The two instructions hiding in every Goldilocks Poseidon2 add

How I dropped a redundant subs/csel pair from Plonky3's NEON Goldilocks addition kernel after staring at a perf annotate dump.

6 min read
  • #plonky3
  • #goldilocks
  • #performance
  • #poseidon2
  • #aarch64
  • #neon
  • #benchmarking

I was profiling Plonky3’s Goldilocks Poseidon2 on a Raspberry Pi 5, trying to figure out where the wall-clock seconds in prove_goldilocks_poseidon2 were actually going. The headline answer was unsurprising, the prove path is FFT and Merkle work, but the external permute kernels (external_initial_permute_dual_w8, external_terminal_permute_dual_w8) sat in a fat enough position that I scrolled down into them with perf annotate, mostly out of curiosity.
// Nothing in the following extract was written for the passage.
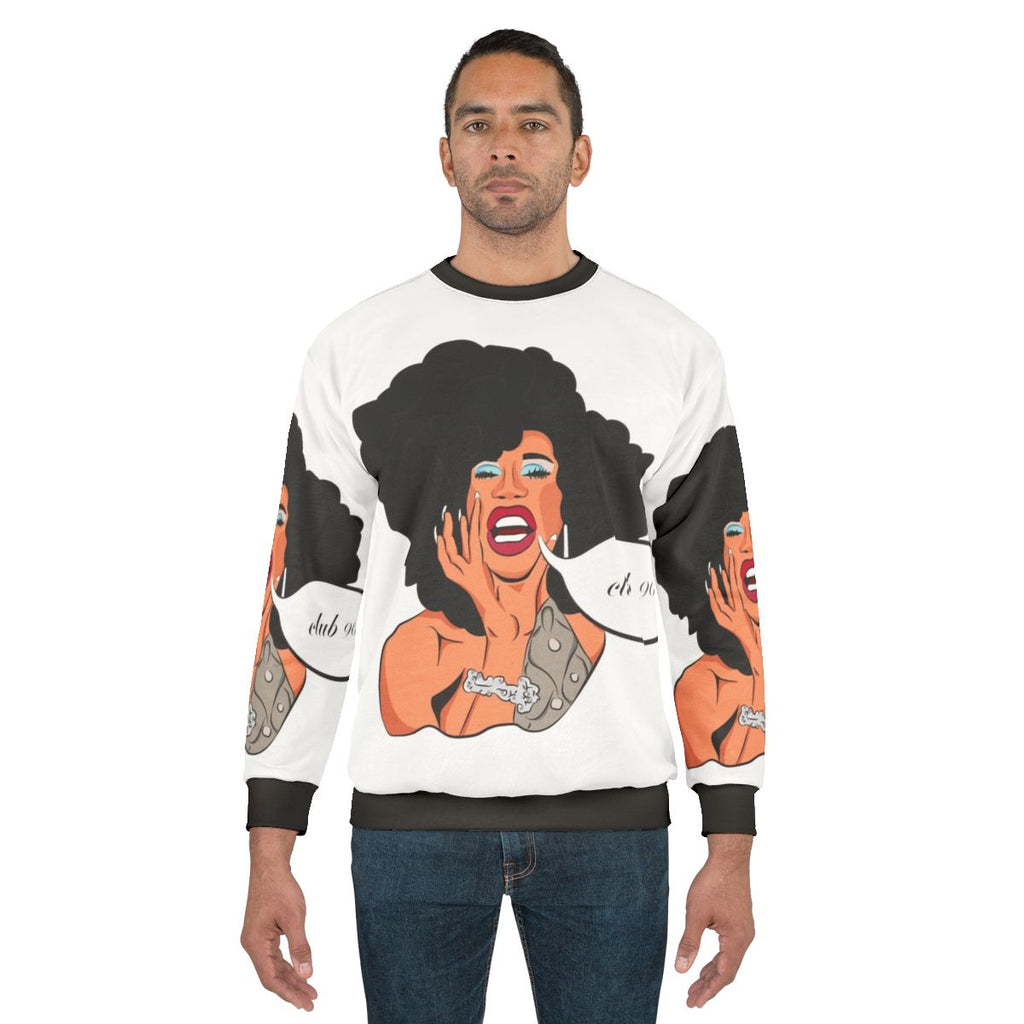 Naomi Smalls Club 96 Drag Queen Sweatshirt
What I saw there bothered me.

The pattern that wouldn’t go away

The output of perf annotate on the round kernel was a wall of inline NEON assembly. Most of it I expected: loads, muls, the Goldilocks reduction sequence, more loads. But interleaved through all of it, every few instructions, was the same two-op pair:

subs   xN, xM, x_p
csel   xM, xM, xN, hs

A compare against PP (Goldilocks’s prime, P=264232+1P = 2^{64} - 2^{32} + 1), then a conditional select. The canonicalize step:

b{bP,bPb,b<Pb \mapsto \begin{cases} b - P, & b \geq P \\ b, & b < P \end{cases}

Once or twice would have been fine because every Goldilocks add has to make sure its inputs are in range before reducing. But this pair was showing up everywhere. I counted sixteen of them in just the round-constant addition block. Each external round was paying twos of ALU ops, multiplied across every state element, on every iteration.

The story I’d been telling myself was that’s just the cost of being safe against arbitrary inputs. add_asm is a public-ish kernel; it can’t assume b < P because callers might be feeding it values straight out of a multiply that hasn’t fully reduced. The two-instruction canonicalize-b is the price you pay for not corrupting downstream state.

The friction with that story was sitting right there in the line above each subs/csel: the operands were literally being loaded from a round-constant table I had written.

The thing I should have seen sooner

Round constants are static. They’re a const GOLDILOCKS_POSEIDON2_RC_*: [u64; N] array, baked at compile time, never touched by user input. The values are all < P. Of course they are. I’d hand-checked them when I wrote the table, and they came out of a paper anyway. Asking the CPU, sixteen times per round, “is this constant less than P?”, when the answer was already typed into the source, felt like a runtime tax on something I knew at compile time.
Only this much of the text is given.